What Does This Mean For Dealers?
Now that we’ve finished “Legal History of Service Advisors 101,” let’s get to the important stuff: what does this mean for dealers? Simply put, the Supreme Court’s decision tells automobile dealerships that they do not have to pay service advisors overtime premium pay under federal law.
That may not, however, be the end of the story as it pertains to your dealership. While service advisors are exempt from overtime under federal law, several states have laws or regulations that impose additional overtime exemption requirements. You should therefore consult with legal counsel to confirm that you are complying with any existing state or local requirements applicable to the location of your dealership.
Additionally, federal law only exempts service advisors from overtime premium pay.
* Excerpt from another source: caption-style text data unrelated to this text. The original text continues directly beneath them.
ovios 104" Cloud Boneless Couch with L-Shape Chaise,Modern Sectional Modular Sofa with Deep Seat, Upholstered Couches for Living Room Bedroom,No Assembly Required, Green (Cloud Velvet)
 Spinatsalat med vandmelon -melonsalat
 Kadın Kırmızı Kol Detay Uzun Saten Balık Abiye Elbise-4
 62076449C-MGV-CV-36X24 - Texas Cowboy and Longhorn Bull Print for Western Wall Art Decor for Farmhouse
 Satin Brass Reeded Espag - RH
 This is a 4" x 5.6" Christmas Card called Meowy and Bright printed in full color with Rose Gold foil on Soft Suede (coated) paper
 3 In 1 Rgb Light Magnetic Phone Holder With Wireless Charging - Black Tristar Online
You are still required to pay your service advisors at least the state or federal minimum wage, whichever is higher, for all hours worked, and they must keep an accurate record of their hours worked, preferably by clocking in and out when they begin and end work each day.
The Encino Motorcars case is a significant victory. The Supreme Court’s decision ratifies more than 40 years of established pay practices for the approximately 100,000 service advisors employed at dealerships throughout the United States, and brings clarity to what had been a muddled situation. Now that the Supreme Court has spoken, all dealers can rest easy.